General information
- Type: Amateur-built aircraft
- National origin: United States
- Manufacturer: Airdrome Aeroplanes
- Status: In production (2011)
- Number built: 1 (2011)

History
- Developed from: Sopwith Baby

= Airdrome Sopwith Baby =

American fighter replica

The Airdrome Sopwith Baby is an American amateur-built aircraft, designed and produced by Airdrome Aeroplanes, of Holden, Missouri. The aircraft is supplied as a kit for amateur construction.

The aircraft is a full-scale replica of the First World War British Sopwith Baby scout/bomber. The replica is built from modern materials and powered by modern engines.

==Design and development==
The Airdrome Sopwith Baby features a strut-braced biplane layout, a single-seat open cockpit, fixed conventional landing gear with auxiliary skids and a single engine in tractor configuration.

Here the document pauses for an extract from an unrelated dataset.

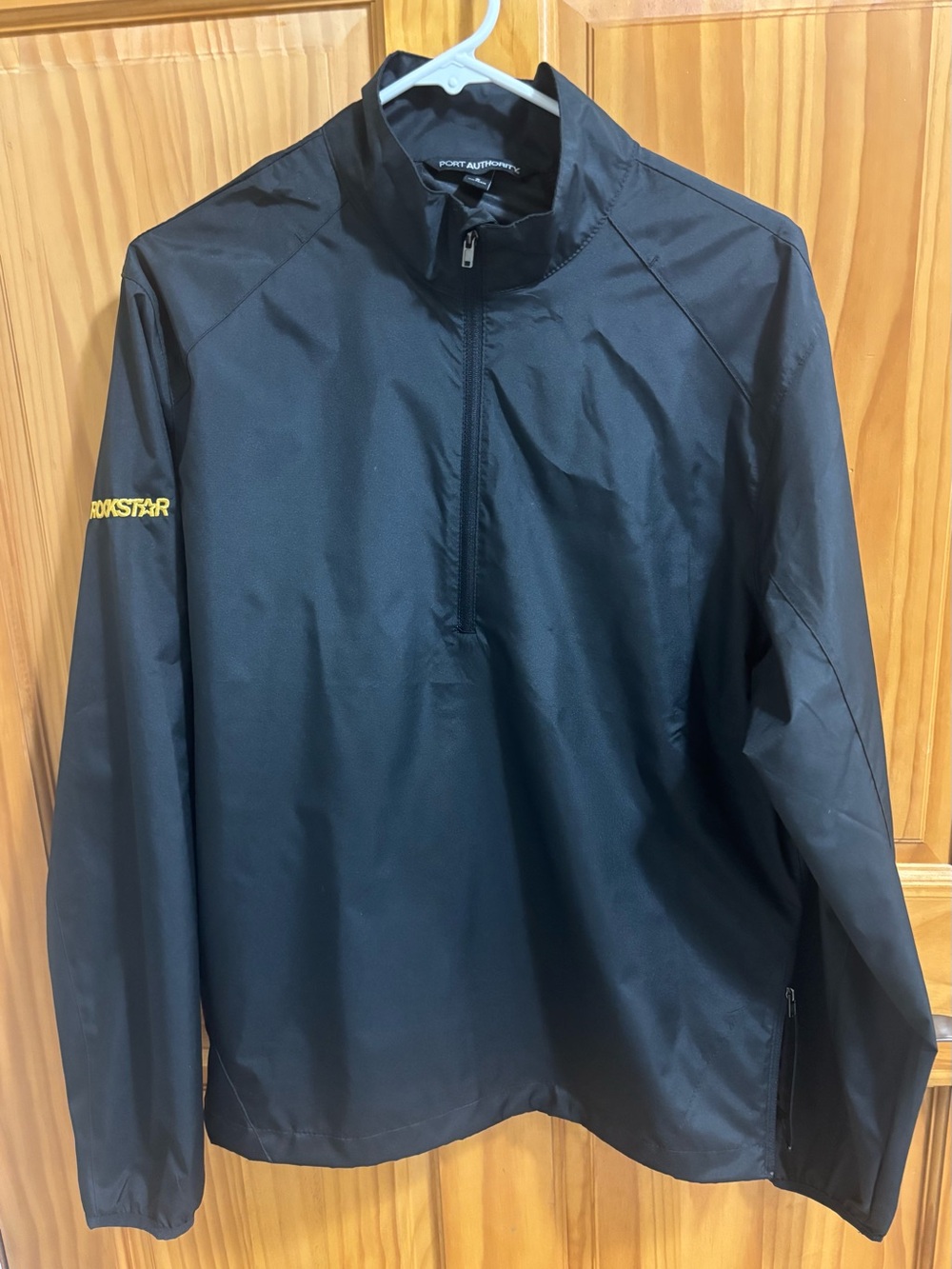 Rockstar Logo Port Authority Men's Zephyr Black Lightweight Half-Zip Jacket S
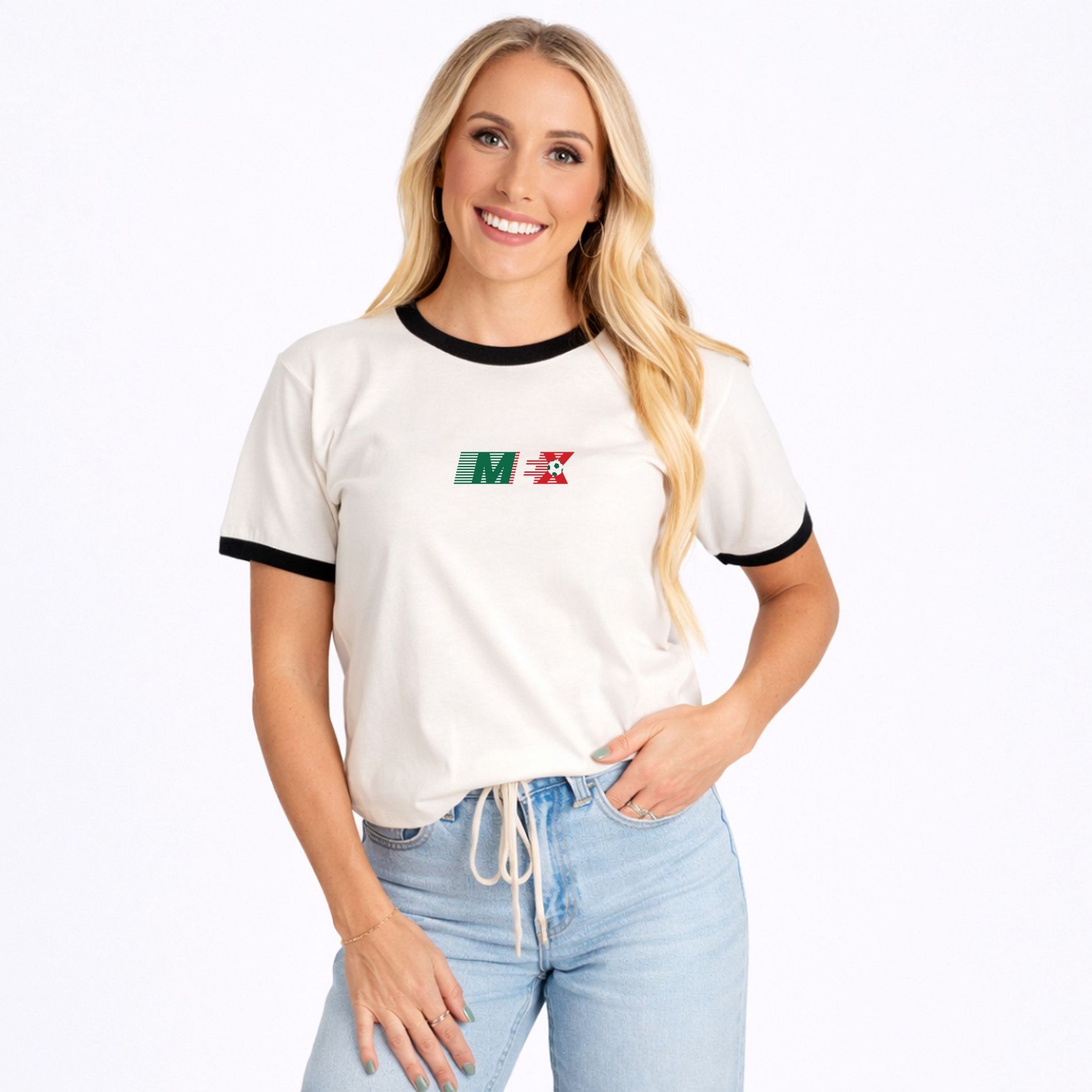 Mexico Soccer Lines - Women's Ringer Graphic T-Shirt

The aircraft is made from bolted-together aluminum tubing, with its flying surfaces covered in doped aircraft fabric. The Airdrome Sopwith Baby has a wingspan of 25.5 ft and a wing area of 240 sqft. It can be equipped with engines ranging from 110 to 150 hp. The standard engine used is the 110 hp four stroke Rotec R2800 radial engine. Building time from the factory-supplied kit is estimated at 450 hours by the manufacturer.

==Operational history==
One example had been completed by December 2011.